When copying the entries below, leave out every picture and keep the rest exact.

[Brief descriptive captions]
=== Begin Enclosure ===

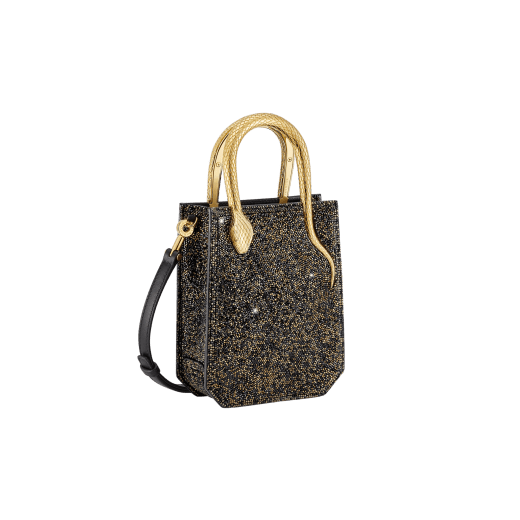 Serpentine mini tote bag in black with black crystals inserts hand-set on suede leather and black nappa leather lining. Captivating snake body-shaped handles in light gold-plated brass embellished with engraved scales and red enamel eyes. 293916 image 2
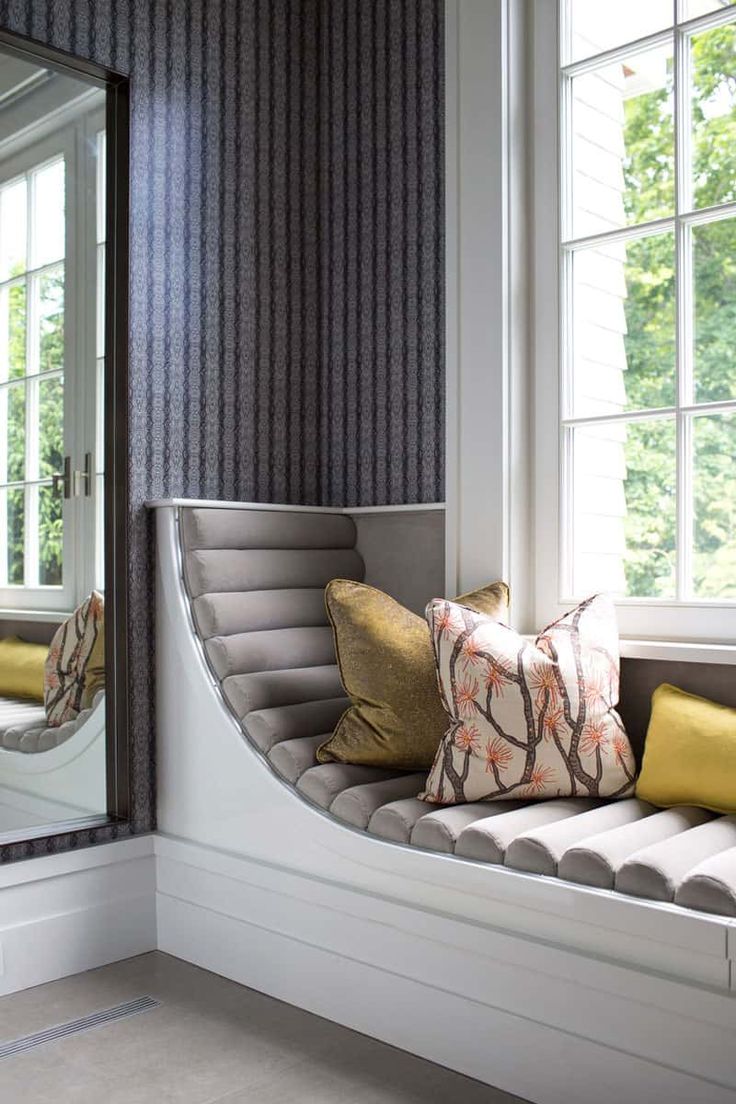 a window seat with pillows on it and a mirror in the corner next to it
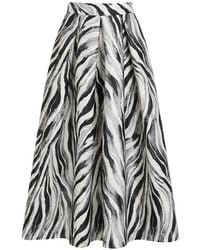 Lunatica Milano - Savanna Zebra-Print Pleated Midi Skirt - Lyst
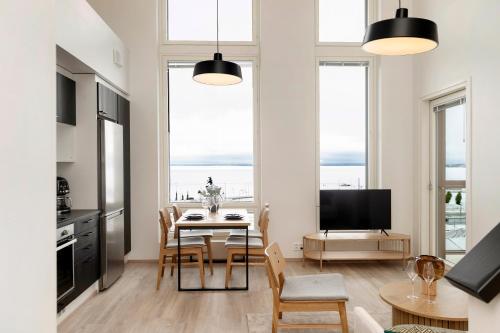 a kitchen and dining room with a table and chairs at Näsijärvi lakeview apartment in Tampere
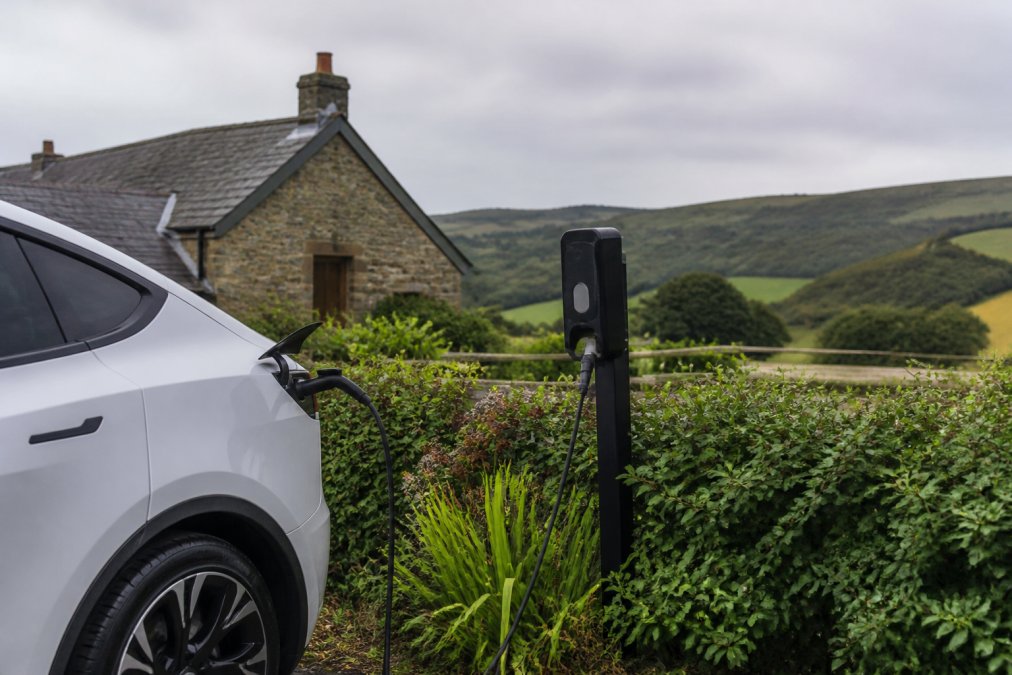 An electric vehicle parked at a charging station in a rural countryside setting, with a traditional stone holiday cottage visible in the background and rolling green hills under overcast sky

=== End Enclosure ===

- **EXERCISE ANSWER**:
 Serpentine mini tote bag in black with black crystals inserts hand-set on suede leather and black nappa leather lining. Captivating snake body-shaped handles in light gold-plated brass embellished with engraved scales and red enamel eyes. 293916 image 2
 a window seat with pillows on it and a mirror in the corner next to it
 Lunatica Milano - Savanna Zebra-Print Pleated Midi Skirt - Lyst
 a kitchen and dining room with a table and chairs at Näsijärvi lakeview apartment in Tampere
 An electric vehicle parked at a charging station in a rural countryside setting, with a traditional stone holiday cottage visible in the background and rolling green hills under overcast sky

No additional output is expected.